Goal of the exercise> Every line from the one holding "[⭐Hevara Jewelry]CLOVER SILVER" through the last line of the records must be retyped exactly, and no other line or picture may appear in the copy.

Supplied material>
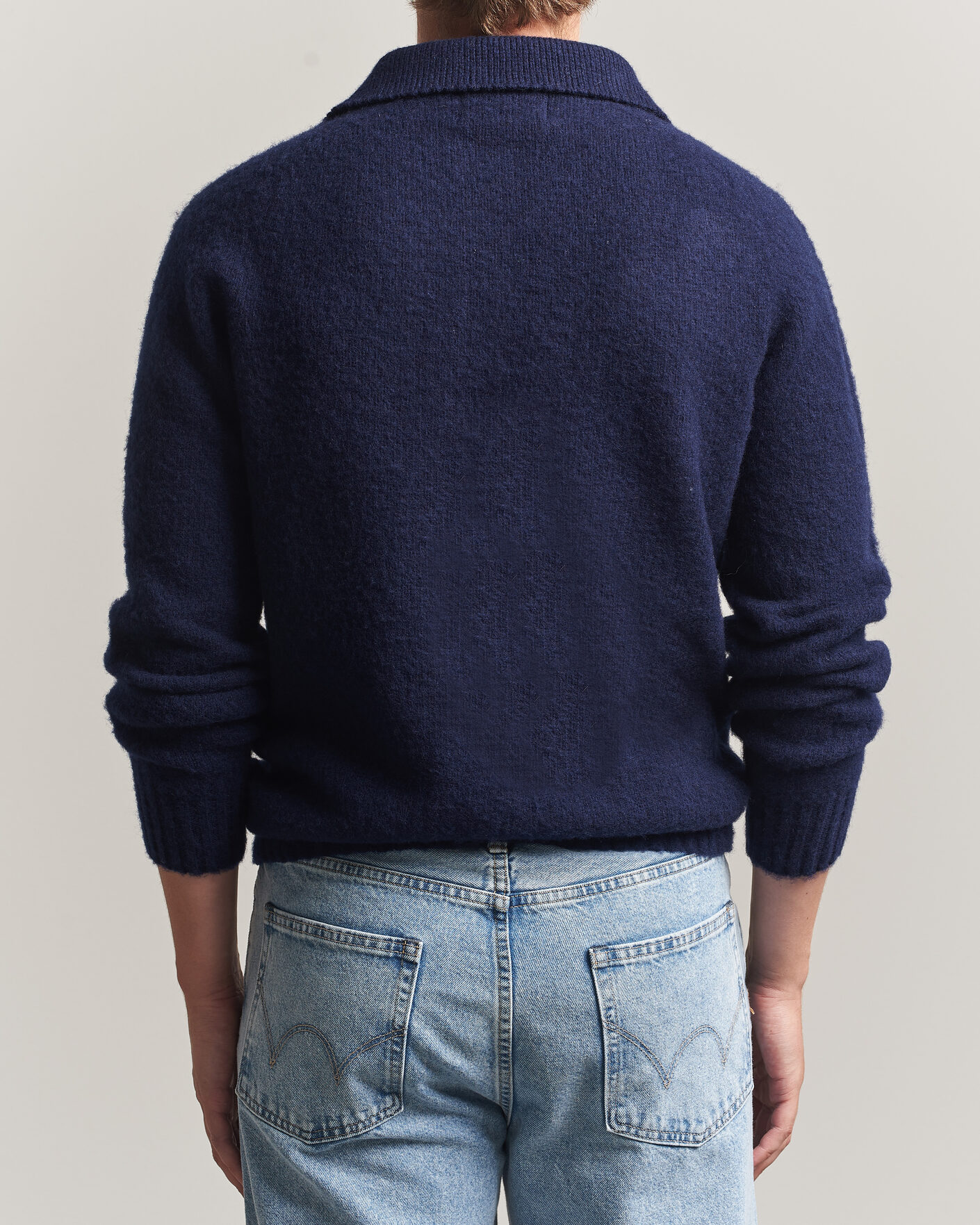 Hombres | Jerséis y prendas de punto | Harley Of Scotland | Brushed Supersoft Lambswool Polo Navy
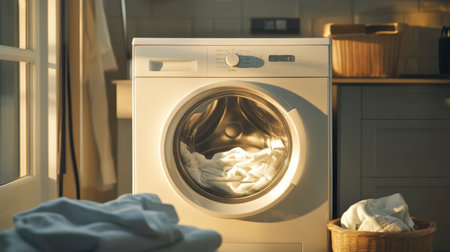A washing machine with a front-loading design, displaying a cycle in progress through the clear door, and a pile of clean, folded laundry neatly arranged on a nearby surface.の素材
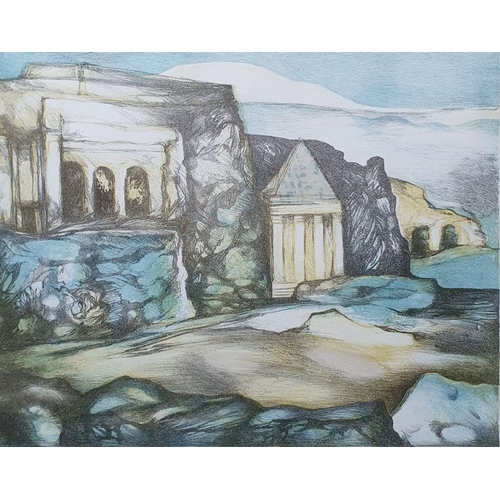 1306 - After Andrea Windischbauer (b.1942)
 Limited edition colour print
 Coastal landscape depicting ancie... 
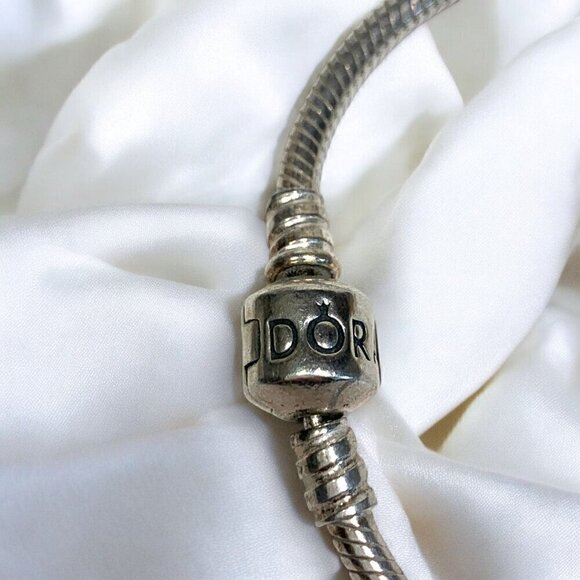 Pandora Christmas Tree Charm & Snake Chain Bracelet Sterling Silver Retired 7.0” - Picture 3 of 7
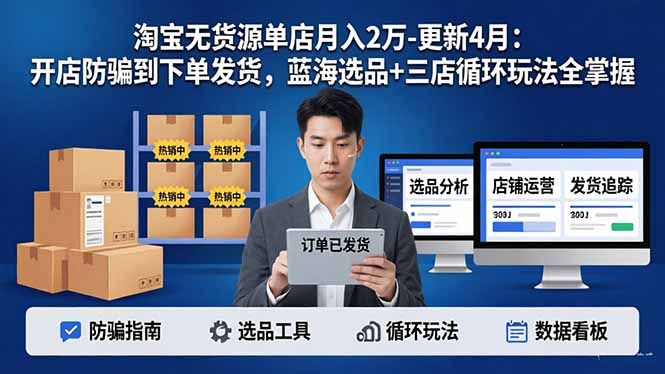 淘宝无货源5.0单店月入2万-更新4月:开店防骗到下单发货,蓝海选品+三店循环玩法全掌握-俊哥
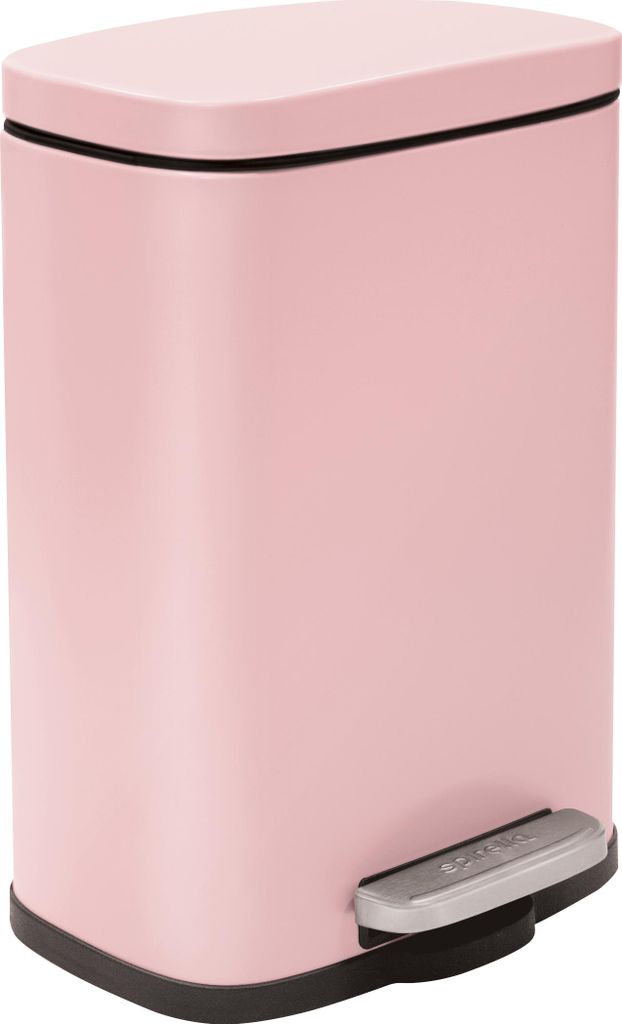 A pink pedal bin with a silver pedal is shown against a white background.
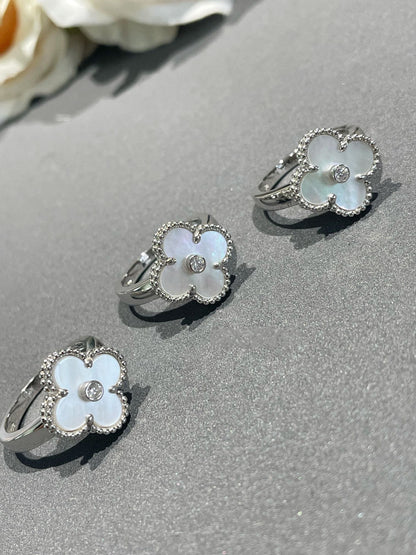 [⭐Hevara Jewelry]CLOVER SILVER MOP DIAMOND RING
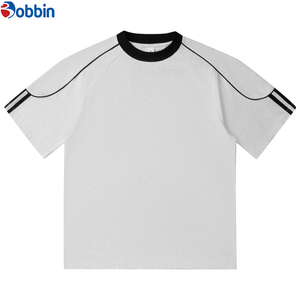 Customize Front Men's Plus Size T-<b>Shirt</b> Streetwear Contrast Stitch <b>Patchwork</b> Short Sleeve Regular Fit Unisex 100% Cotton - Product Image 4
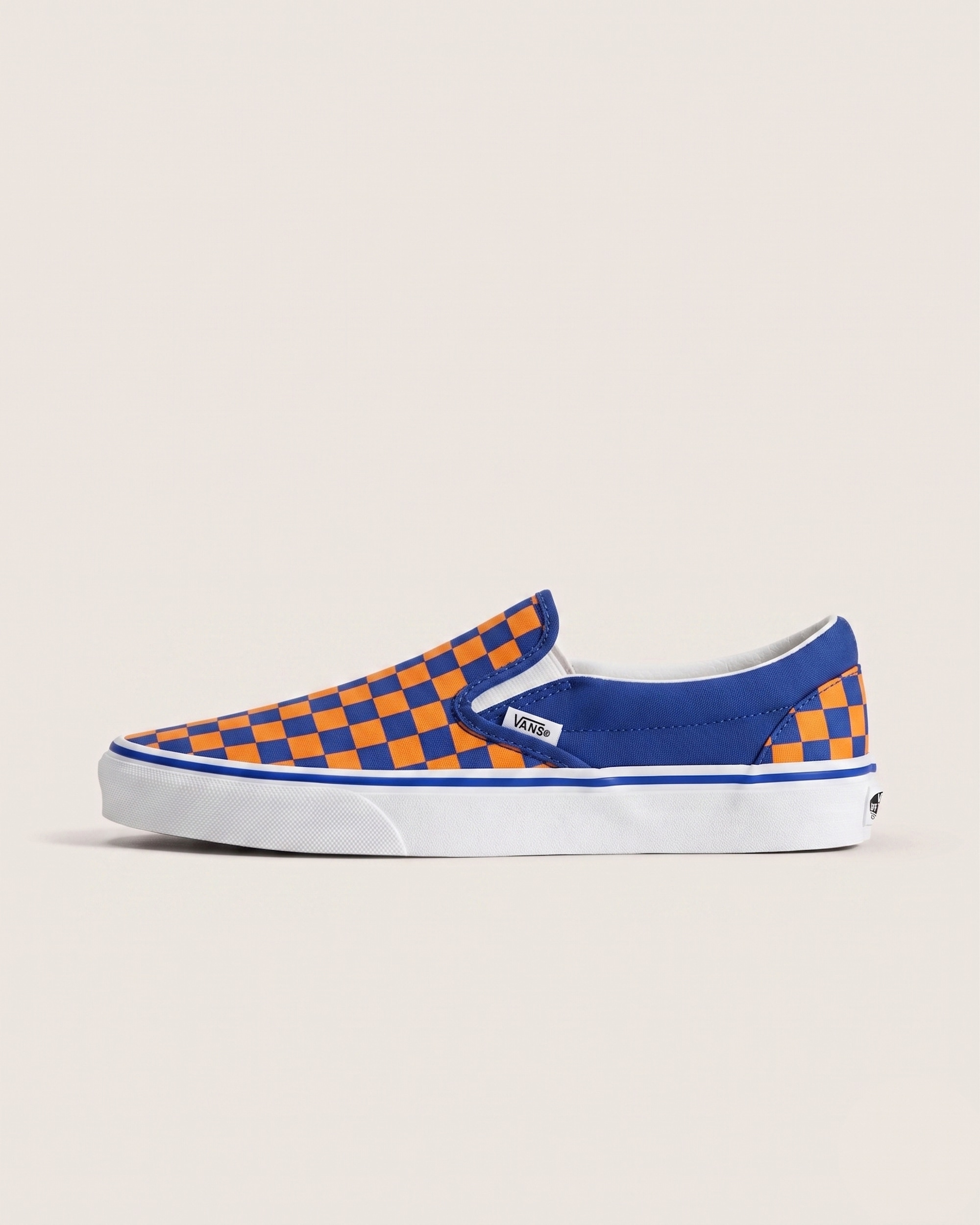 Classic SlipOn Shoe VANS Checkerboard Blue  Orange HERO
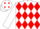 White, red diamonds, white sleeves, red armbands, white cap, red diamonds, white peak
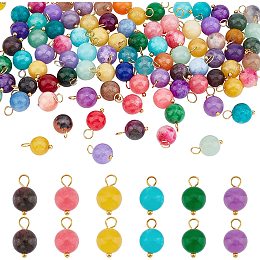 SUPERFINDINGS 100Pcs Natural Jade Gemstone Charms Round Stone Pendants with Golden Tone Brass Loops 13x7.5mm Crystal Quartz Gemstone Charms for Necklace Jewelry Making Hole: 3.3mm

Expected output>
 [⭐Hevara Jewelry]CLOVER SILVER MOP DIAMOND RING
 Customize Front Men's Plus Size T-<b>Shirt</b> Streetwear Contrast Stitch <b>Patchwork</b> Short Sleeve Regular Fit Unisex 100% Cotton - Product Image 4
 Classic SlipOn Shoe VANS Checkerboard Blue  Orange HERO
 White, red diamonds, white sleeves, red armbands, white cap, red diamonds, white peak
 SUPERFINDINGS 100Pcs Natural Jade Gemstone Charms Round Stone Pendants with Golden Tone Brass Loops 13x7.5mm Crystal Quartz Gemstone Charms for Necklace Jewelry Making Hole: 3.3mm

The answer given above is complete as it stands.